Recently, Evergrande said its property sales will likely continue to drop significantly in September after declining for months, making its cash flow situation even direr. Mark Williams, Chief Asia Economist at Capital Economics has stated that Evergrande’s collapse would be the biggest test that China’s financial system has faced in years. Observing the situation, many banks, including HSBC and Standard Chartered (Hong Kong), have declined to extend new loans to buyers of two uncompleted Evergrande residential projects, said Reuters.
In the past too, rating agencies have called out the firm and downgraded its rating, citing its liquidity problems. Evergrande’s journey towards bankruptcy darkened when China introduced rules to curb the borrowing costs of developers. Those measures place a cap on debt concerning a firm’s cash flows, assets and capital levels. The group’s debt of more than $300 billion in total liabilities equals 2% of China’s GDP. Today the real estate developer is coping to avoid defaulting on billions of dollars of debt, prompting concern about a broader economic fallout and protests by buyers of unfinished apartments.
China’s second-largest property developer by sales, Evergrande deals in real estate and owns more than 1,300 real estate projects in over 280 cities in China. Evergrande’s subsidiary in the property services management sector is involved in nearly 2,800 projects across more than 310 cities in China. There’s more to this real estate giant; it has seven units dabbling in a wide range of industries, including electric vehicles, health-care services, consumer products, video and television production units and even a theme park.

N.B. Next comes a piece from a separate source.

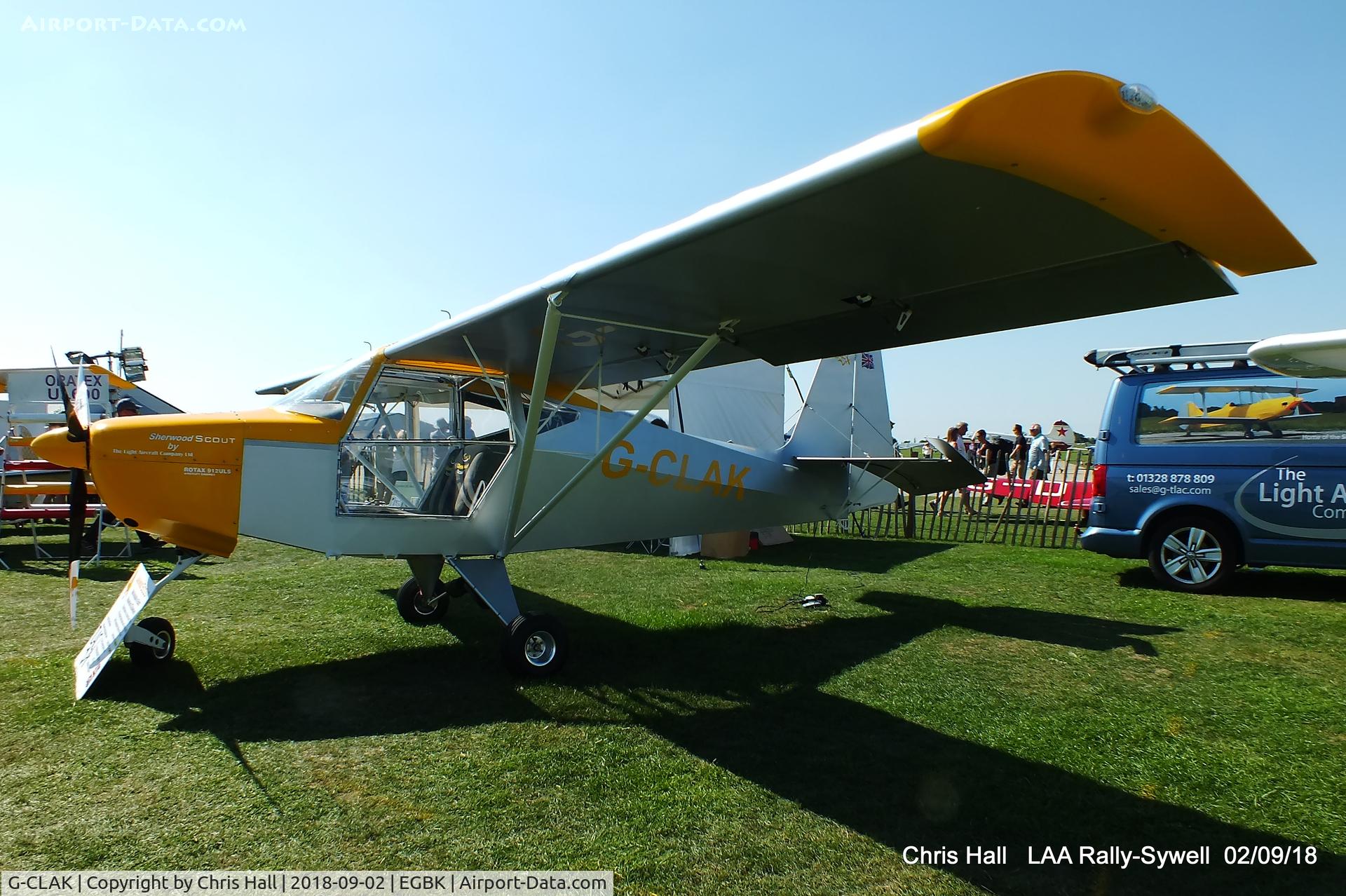 G-CLAK, TLAC Sherwood Scout C/N TLAC-2-001, 2018 LAA Rally, Sywell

The data on its website showcases a team strength of 200,000 employees but indirectly creates more than 3.8 million jobs every year. The firm’s shares and bonds are included in indexes across Asia. Evergrande warned this week its escalating troubles could lead to broader default risks. It said that if it can’t repay its debt, it may lead to a situation of “cross-default” — where a default triggered in one situation may spread to other obligations, leading to broader contagion.
Who will be at risk?
Banks, suppliers, home-buyers and investors
Reports and Analysis
- In an August report, S&P estimated that over the next 12 months, Evergrande will have over 240 billion yuan ($37.16 billion) of bills and trade payables from contractors to settle — around 100 billion yuan of that amount is due this year.
- Rating agency Fitch said banks may also have indirect exposure to Evergrande’s suppliers — the developer’s trade payables stood at 667 billion Chinese yuan, according to Fitch analysis.